Mais peu à peu la conscience de l’homme se développe; c’est la connaissance du bien et du mal, la chute allégorique. La psyché se dissocie tout comme la perception et la représentation du divin. À partir de cette conscience, de cette dissociation, le judaïsme évoluera vers le monothéisme, l’hellénisme vers la philosophie. Comme la conscience et la raison sont symboliquement masculines, l’inconscient et le spirituel féminins, au fur et à mesure que conscience et raison croissent, la perception du monde et de la divinité qui le gouverne prend des formes de plus en plus masculines. Se renforce ainsi, jusqu’à devenir unique dans le judaïsme, la figure masculine du Dieu père symbolisant l’ordre et la loi, du Dieu céleste qu’il faut craindre. À l’inverse s’estompe jusqu’à disparaître, l’image de la déesse terre protectrice et nourricière, de la déesse mère métaphore de l’amour et de la renaissance. Le christianisme suivra la même voie: le Christ rédempteur est Fils de Dieu le Père; la Trinité est dénuée d’expression féminine; Marie, pourtant «mère de Dieu», en est exclue, alors que le Saint Esprit procède du Père et du Fils. Le modèle divin est une relation père-fils sublimée, la mère et la fille en sont écartées.

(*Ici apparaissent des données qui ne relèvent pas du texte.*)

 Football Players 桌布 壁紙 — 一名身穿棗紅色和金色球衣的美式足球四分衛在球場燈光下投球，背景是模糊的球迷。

Ainsi, psychisme et religion suivent le même chemin. Comme l’homme qui refoule son anima dans la profondeur de son inconscient, la religion évacue la figure féminine de Dieu. Mais dans les deux cas la moitié écartée n’est pas éliminée, elle est seulement occultée. Un certain déséquilibre, une incomplétude en résulte. Situation temporaire cependant, car ainsi que l’homme est voué par sa quête à retrouver son anima, la religion est amenée un jour à laisser transparaître ou à mettre en pleine lumière les éléments féminins qu’elle dissimulait. Tel fut le cas du judaïsme exaltant la Sagesse, puis du christianisme vénérant la Vierge ou idéalisant la Jérusalem céleste.

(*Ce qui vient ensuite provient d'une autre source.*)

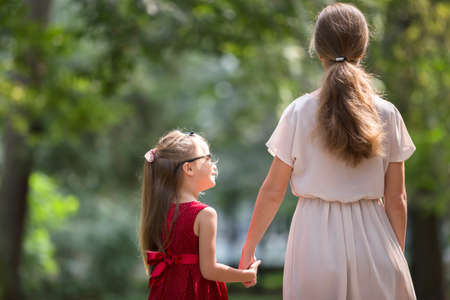Back view of small blond long-haired child girl with slender slim mother in fashionable dresses...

En d’autres termes, la quête de l’homme face à lui-même et son essor vers la divinité ont le même passage obligé: la rencontre, les noces avec l’Eternel féminin. Pour l’homme psychique, le but sera l’union dans le Soi de sa conscience masculine et de son intériorité féminine, l’anima. Pour l’homme spirituel, le but sera le mariage mystique de l’esprit et de l’âme, ou de l’intelligence et de la sagesse divine, afin que de ces noces naisse l’enfant-dieu de l’amour, l’homme ressuscité à la vraie vie. Si la face féminine de Dieu se dissimule aujourd’hui à nos regards, sous le voile plus ou moins épais dont la recouvre la religion, la tradition et nos symboles, c’est parce qu’elle représente un des buts les plus secrets de la quête intérieure et spirituelle.